• [What the exercise asks]: Repeat the listing below word for word, stopping after the line that contains "Miernik analogowy/Multimer UM112B. ERA.".

• [Exercise data]:
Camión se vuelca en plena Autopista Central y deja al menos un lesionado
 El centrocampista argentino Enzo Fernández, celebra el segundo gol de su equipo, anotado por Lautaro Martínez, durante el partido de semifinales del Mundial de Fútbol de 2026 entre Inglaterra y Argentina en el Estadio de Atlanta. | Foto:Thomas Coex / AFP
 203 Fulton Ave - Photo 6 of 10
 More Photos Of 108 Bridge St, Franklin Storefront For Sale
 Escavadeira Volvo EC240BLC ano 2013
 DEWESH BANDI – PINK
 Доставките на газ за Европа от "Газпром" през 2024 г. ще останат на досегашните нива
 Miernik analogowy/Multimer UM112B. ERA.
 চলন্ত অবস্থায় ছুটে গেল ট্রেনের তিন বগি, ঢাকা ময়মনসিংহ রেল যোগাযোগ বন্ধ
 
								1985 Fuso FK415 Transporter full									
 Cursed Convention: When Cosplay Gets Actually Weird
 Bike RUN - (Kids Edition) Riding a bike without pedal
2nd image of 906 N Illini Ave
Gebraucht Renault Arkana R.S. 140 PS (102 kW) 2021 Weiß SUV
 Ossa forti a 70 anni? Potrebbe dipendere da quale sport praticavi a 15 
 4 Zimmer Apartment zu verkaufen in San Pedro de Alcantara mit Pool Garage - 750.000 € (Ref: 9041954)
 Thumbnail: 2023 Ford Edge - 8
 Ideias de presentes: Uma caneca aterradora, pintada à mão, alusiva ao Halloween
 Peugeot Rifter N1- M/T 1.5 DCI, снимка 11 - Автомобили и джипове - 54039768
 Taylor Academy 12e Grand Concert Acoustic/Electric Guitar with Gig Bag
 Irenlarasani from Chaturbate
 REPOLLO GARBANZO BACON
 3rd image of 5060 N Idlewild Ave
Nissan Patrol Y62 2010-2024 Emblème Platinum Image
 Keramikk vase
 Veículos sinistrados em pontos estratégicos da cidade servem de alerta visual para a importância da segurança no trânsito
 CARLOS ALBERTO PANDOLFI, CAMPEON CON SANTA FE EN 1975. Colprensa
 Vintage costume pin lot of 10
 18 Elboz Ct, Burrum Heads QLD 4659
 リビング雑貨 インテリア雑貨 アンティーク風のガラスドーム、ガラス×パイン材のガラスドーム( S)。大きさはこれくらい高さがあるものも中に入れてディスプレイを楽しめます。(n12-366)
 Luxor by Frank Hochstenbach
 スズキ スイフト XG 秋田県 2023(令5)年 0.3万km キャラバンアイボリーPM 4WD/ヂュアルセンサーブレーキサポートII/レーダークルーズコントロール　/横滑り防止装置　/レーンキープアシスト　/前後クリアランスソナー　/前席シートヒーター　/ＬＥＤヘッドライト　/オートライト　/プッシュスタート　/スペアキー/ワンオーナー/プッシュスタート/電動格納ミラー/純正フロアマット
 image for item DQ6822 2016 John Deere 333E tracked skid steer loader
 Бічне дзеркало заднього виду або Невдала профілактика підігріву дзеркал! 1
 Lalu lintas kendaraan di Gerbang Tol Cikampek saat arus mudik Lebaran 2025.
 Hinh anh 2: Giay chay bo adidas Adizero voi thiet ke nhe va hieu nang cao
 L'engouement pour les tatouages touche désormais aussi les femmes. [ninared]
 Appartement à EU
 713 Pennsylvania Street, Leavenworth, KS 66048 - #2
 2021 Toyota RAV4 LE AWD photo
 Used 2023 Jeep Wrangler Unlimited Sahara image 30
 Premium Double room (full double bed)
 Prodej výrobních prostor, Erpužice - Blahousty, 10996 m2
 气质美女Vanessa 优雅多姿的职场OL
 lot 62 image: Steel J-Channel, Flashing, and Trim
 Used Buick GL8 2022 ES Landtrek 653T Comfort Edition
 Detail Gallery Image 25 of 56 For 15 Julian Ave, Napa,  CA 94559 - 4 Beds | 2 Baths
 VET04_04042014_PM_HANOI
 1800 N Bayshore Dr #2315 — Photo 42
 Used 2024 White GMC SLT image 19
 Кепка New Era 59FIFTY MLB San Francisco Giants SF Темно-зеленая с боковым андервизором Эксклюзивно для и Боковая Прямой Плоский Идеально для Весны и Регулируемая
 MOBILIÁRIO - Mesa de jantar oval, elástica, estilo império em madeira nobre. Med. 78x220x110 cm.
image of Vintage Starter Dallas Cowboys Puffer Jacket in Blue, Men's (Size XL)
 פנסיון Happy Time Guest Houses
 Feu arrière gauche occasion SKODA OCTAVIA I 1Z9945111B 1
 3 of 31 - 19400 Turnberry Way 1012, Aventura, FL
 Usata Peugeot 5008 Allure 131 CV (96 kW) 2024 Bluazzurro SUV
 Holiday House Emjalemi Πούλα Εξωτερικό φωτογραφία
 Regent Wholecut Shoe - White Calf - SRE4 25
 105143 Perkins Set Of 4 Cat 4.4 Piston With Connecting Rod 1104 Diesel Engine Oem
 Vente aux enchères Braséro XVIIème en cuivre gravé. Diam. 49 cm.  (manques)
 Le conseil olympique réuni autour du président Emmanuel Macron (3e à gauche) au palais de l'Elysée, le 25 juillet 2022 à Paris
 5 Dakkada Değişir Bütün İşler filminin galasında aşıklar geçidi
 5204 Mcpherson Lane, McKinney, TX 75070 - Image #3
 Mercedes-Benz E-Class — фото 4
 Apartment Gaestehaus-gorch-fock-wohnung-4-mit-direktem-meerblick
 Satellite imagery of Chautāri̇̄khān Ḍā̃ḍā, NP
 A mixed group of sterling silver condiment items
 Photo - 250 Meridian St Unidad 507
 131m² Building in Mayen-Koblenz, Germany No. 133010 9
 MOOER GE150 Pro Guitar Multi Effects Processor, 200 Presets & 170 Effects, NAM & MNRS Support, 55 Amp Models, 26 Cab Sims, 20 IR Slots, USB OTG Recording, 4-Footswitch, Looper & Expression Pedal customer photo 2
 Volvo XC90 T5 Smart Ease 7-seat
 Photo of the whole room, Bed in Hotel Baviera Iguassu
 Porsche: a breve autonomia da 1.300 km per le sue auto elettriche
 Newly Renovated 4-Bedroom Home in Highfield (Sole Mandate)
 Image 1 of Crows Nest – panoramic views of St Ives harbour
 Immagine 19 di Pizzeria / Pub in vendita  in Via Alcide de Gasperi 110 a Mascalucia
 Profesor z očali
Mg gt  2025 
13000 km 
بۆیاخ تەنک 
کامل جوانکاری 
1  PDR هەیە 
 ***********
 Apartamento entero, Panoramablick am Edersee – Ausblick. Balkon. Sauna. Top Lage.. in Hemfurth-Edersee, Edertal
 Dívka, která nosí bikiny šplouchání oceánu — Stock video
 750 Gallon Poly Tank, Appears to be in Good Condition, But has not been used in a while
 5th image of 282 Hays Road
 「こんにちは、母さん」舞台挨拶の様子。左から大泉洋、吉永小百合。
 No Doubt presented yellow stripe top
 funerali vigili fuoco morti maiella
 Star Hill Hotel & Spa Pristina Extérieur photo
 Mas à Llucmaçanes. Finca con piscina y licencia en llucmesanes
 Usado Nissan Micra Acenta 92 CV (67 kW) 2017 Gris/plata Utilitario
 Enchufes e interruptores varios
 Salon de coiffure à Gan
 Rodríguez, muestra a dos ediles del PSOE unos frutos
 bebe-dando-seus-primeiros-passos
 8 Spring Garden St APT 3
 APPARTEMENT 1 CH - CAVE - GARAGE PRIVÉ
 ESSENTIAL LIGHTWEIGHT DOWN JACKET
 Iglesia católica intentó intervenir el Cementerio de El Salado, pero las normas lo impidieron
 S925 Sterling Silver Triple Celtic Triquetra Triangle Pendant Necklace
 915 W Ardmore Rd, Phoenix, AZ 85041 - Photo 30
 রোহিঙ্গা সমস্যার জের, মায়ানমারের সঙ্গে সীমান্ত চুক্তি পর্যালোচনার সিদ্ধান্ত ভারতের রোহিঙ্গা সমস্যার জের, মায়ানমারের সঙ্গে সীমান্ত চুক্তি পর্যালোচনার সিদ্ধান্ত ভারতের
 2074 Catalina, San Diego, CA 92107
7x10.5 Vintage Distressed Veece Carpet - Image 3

• [Task answer]:
Camión se vuelca en plena Autopista Central y deja al menos un lesionado
 El centrocampista argentino Enzo Fernández, celebra el segundo gol de su equipo, anotado por Lautaro Martínez, durante el partido de semifinales del Mundial de Fútbol de 2026 entre Inglaterra y Argentina en el Estadio de Atlanta. | Foto:Thomas Coex / AFP
 203 Fulton Ave - Photo 6 of 10
 More Photos Of 108 Bridge St, Franklin Storefront For Sale
 Escavadeira Volvo EC240BLC ano 2013
 DEWESH BANDI – PINK
 Доставките на газ за Европа от "Газпром" през 2024 г. ще останат на досегашните нива
 Miernik analogowy/Multimer UM112B. ERA.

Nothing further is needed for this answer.